##### Collected data #####

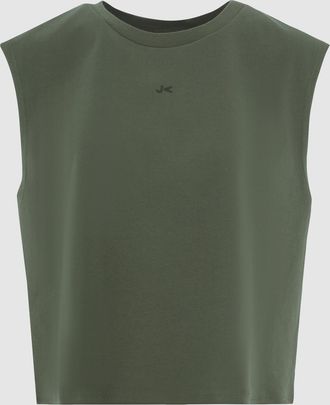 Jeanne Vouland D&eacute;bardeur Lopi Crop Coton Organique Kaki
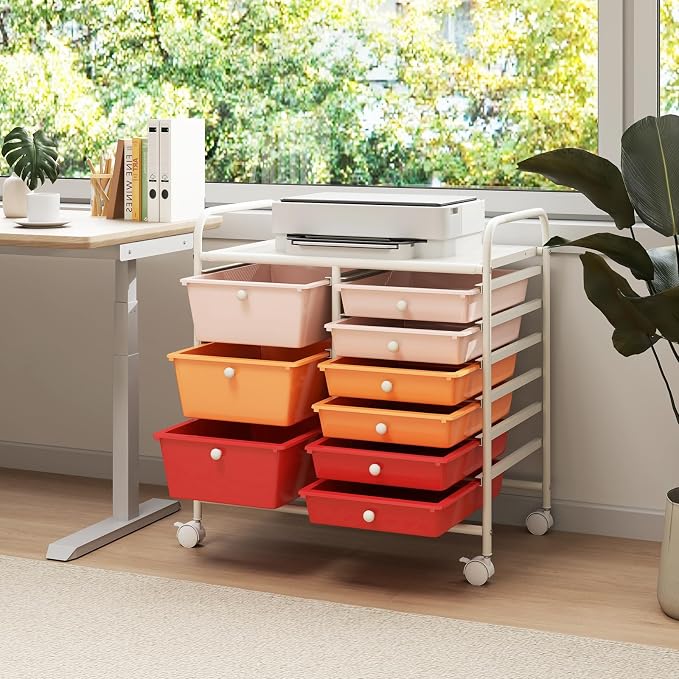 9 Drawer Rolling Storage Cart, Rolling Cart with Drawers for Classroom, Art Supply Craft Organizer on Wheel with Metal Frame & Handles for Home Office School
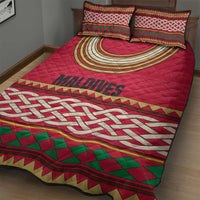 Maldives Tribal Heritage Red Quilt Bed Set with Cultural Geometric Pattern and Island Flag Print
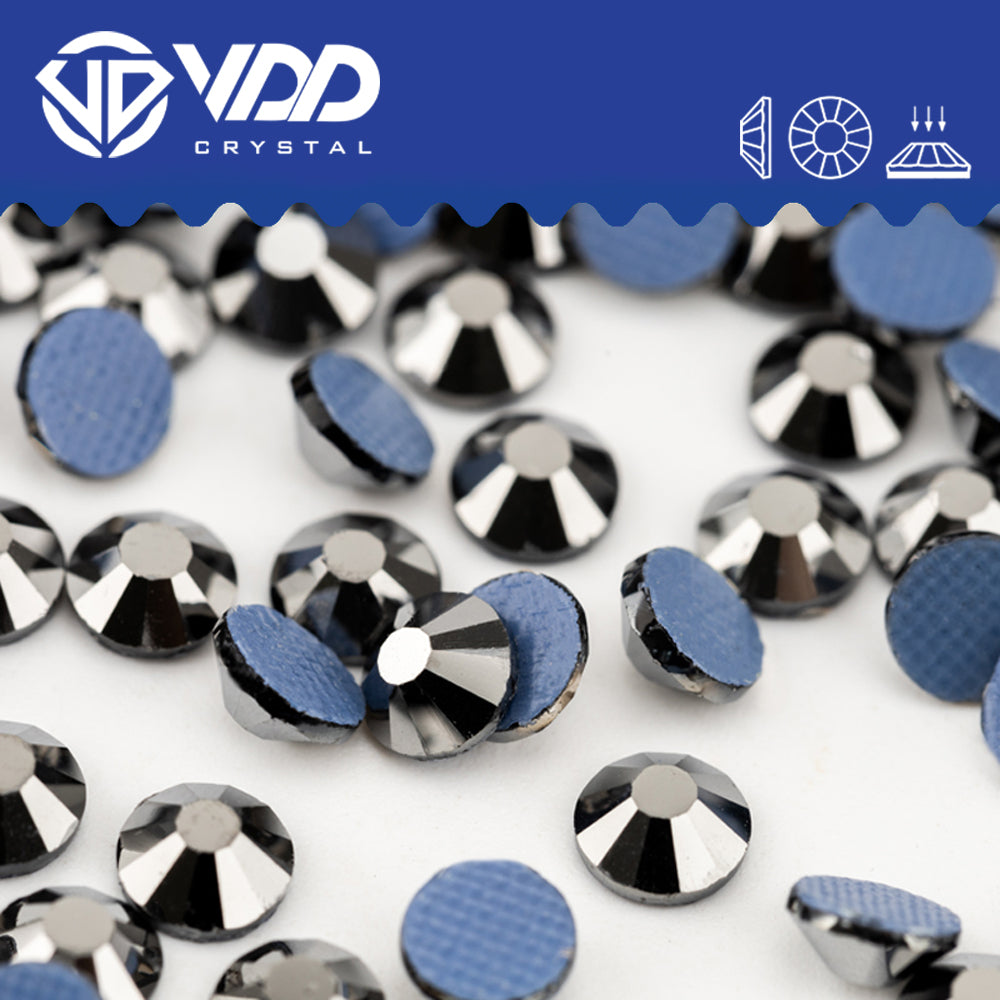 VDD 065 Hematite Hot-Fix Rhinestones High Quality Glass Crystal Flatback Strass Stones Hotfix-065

#####

Description of the task: Your answer must be an exact copy of the listing, minus its pictures.

Your solution:
 Jeanne Vouland D&eacute;bardeur Lopi Crop Coton Organique Kaki
 9 Drawer Rolling Storage Cart, Rolling Cart with Drawers for Classroom, Art Supply Craft Organizer on Wheel with Metal Frame & Handles for Home Office School
 Maldives Tribal Heritage Red Quilt Bed Set with Cultural Geometric Pattern and Island Flag Print
 VDD 065 Hematite Hot-Fix Rhinestones High Quality Glass Crystal Flatback Strass Stones Hotfix-065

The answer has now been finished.